The result is almost like you crossed Splinter Cell with Army of Two, Rainbow 6 Vegas or some other mindless 3rd person shooter where endless hordes of enemies constantly stream into your firing line. The thing that sticks out to me the most, more than any other facet of the redisgn of the franchise, is the sheer number of enemies. Yes, there are still many stealth elements in the game, and several times where you are sneaking and hiding and staying out of the light, and those parts feel great - but there simply arent enough of them to make this feel like a true stealth game, a true Splinter Cell game. Instead it feels like a genre mishmash, like someone gave a description of the Splinter Cell franchise to some 12 year old boys and let them make the game. Maybe thats too harsh, but then again, this is the Splinter Cell game where Sam Fisher walks around with an AK-47 and frag grenades.
Finally, Id like to talk about the online multiplayer. Yes, there are a ton of modes. No, they arent all that much fun. There are several Horde style survival modes, a mode where you protect a generator from waves of enemies, and a VS mode which pits two spies against each other. There is neither a coop vs mode, with two teams of 2 spies facing off against each other, nor is there a return of the Spies vs Mercs mode which has made an appearance in prior games. While in previous Splinter Cell games, even those from the last generation of consoles, a 4 person multiplayer match was possible, in this new game (which has spent years of development on a "next gen" console) the highest number of people that can play online together is 2. If there ever was a recipe for having your game not make the top 10 most played Xbox Live titles, its limiting the online play to only 2 people. Back in 2005, we thought Ubisoft would expand on its outstanding multiplayer formula in future games to include 6 or 8 players, but the past two titles have taken so many steps backwards its hard to give the developer any credit at all.

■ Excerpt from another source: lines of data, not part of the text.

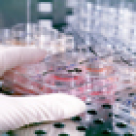 Conceptie moderna: transferul de embrioni crioprezervati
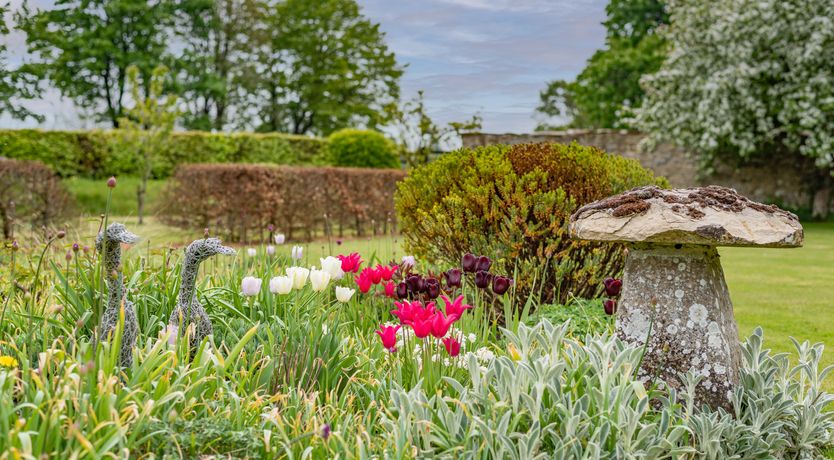 Photo of Round & Round The Garden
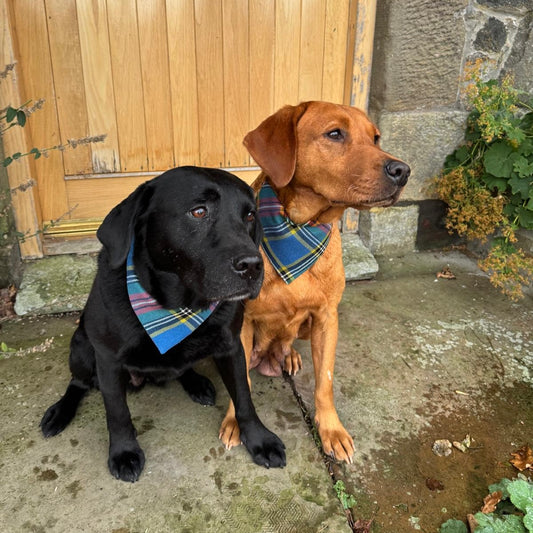 MacBeth Tartan Dog Bandana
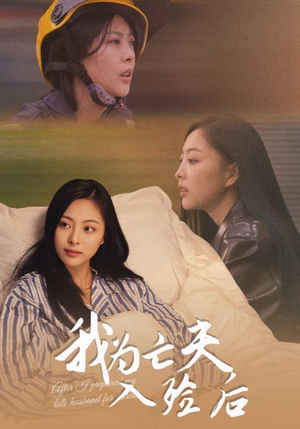 我为亡夫入殓后（45集）经典老剧免费看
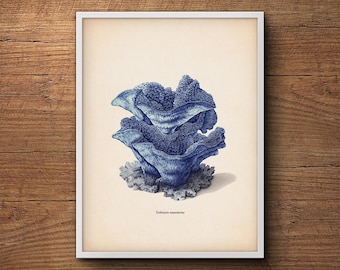 May include: A vintage illustration of a blue coral, labeled "Turbinaria mesenterina". The coral is depicted in a detailed, realistic style, with a textured surface and intricate branching patterns.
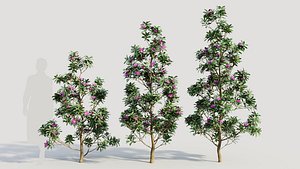 Rhododendron ponticum d 3D model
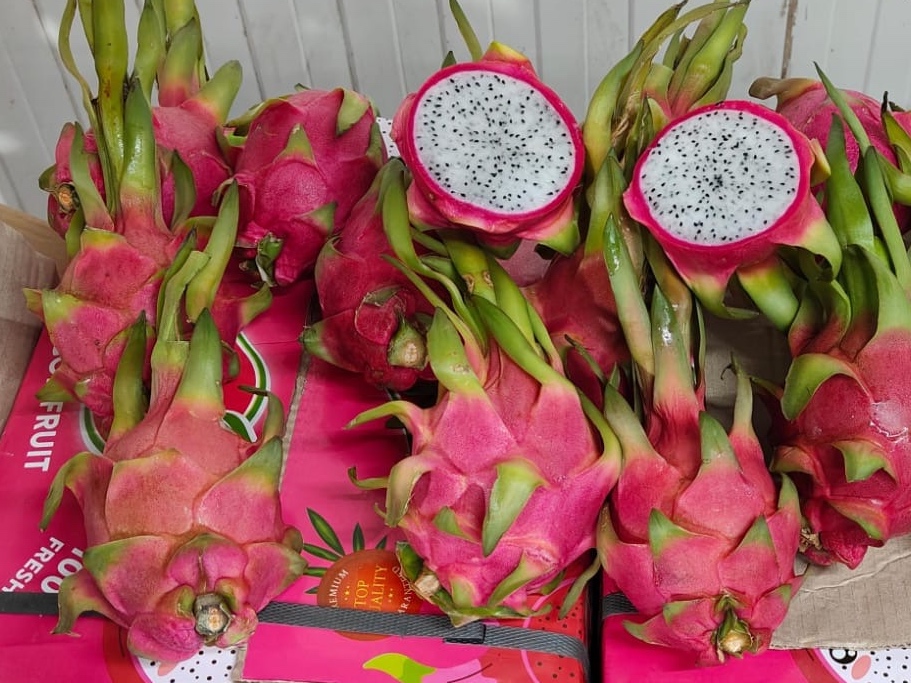 Dragon fruit 1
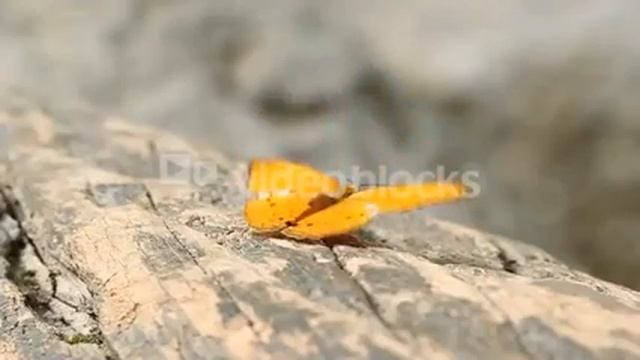 COMMON LEOPARD BUTTERFLY PHALNTA PHALNTA PHALNFA DRURY RESTING ON A WOOD SHZ3T 3DYL смотреть онлайн
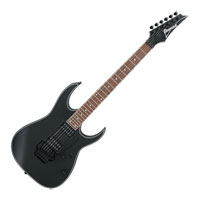 Ibanez - RG320EXZ - Black Flat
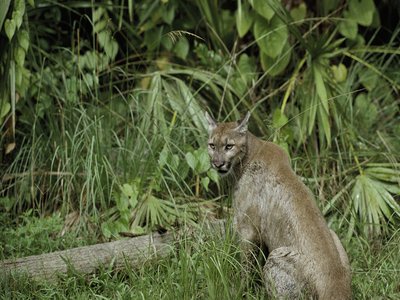 Florida Panther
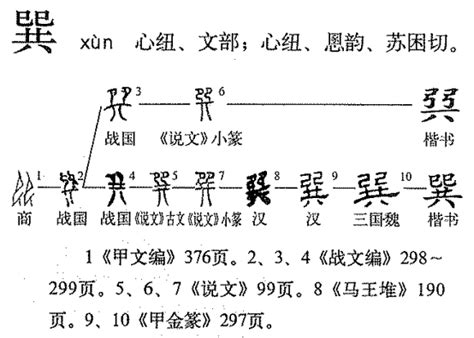 巽|巽（汉语汉字）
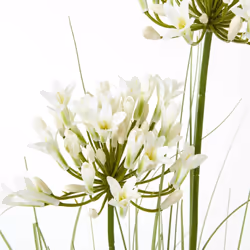 Hill Interiors Agapanthus Plant Pot - One Size, White/Green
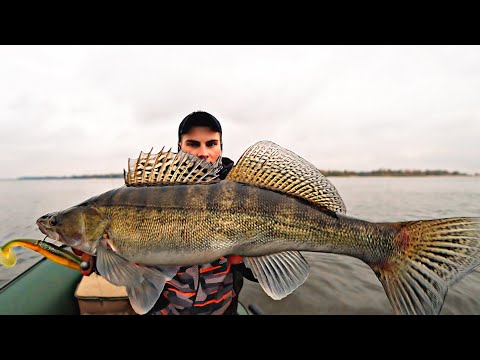 ЭТОТ СЛАГ СДЕЛАЛ РЫБАЛКУ! СУДАКИ КЛЮЮТ НА КАЖДОМ ЗАБРОСЕ! Рыбалка на спиннинг 2024
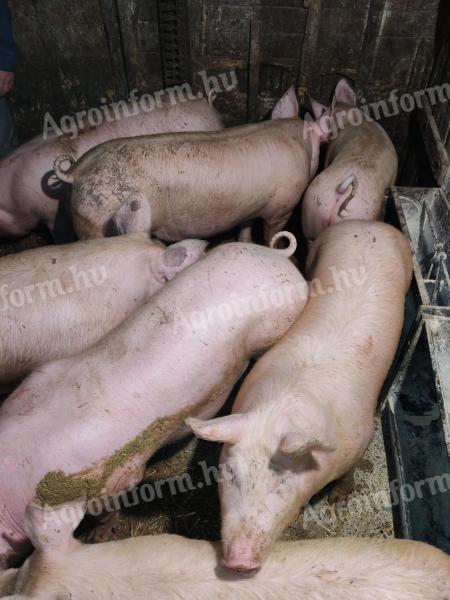 Hízók eladók 700 Ft/kg áron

I dont know whether the market has changed too much since 2005 to expect a Splinter Cell like those in the past - which were difficult to learn and even harder to master. One of the Ubi developers, when specifically asked why Spies vs Mercs hadnt been created for Conviction, stated that the gameplay was simply too hardcore for most players to ever get into. Hearing statements like that, its hard to be optimistic for the future of the franchise. Many games today - not all, but many - arent being made into the best possible game they could be. They are being made to be sold to the highest number of people. Its an alarming trend, and unfortunately as core gamers who are the minority demographic, one we have little control over.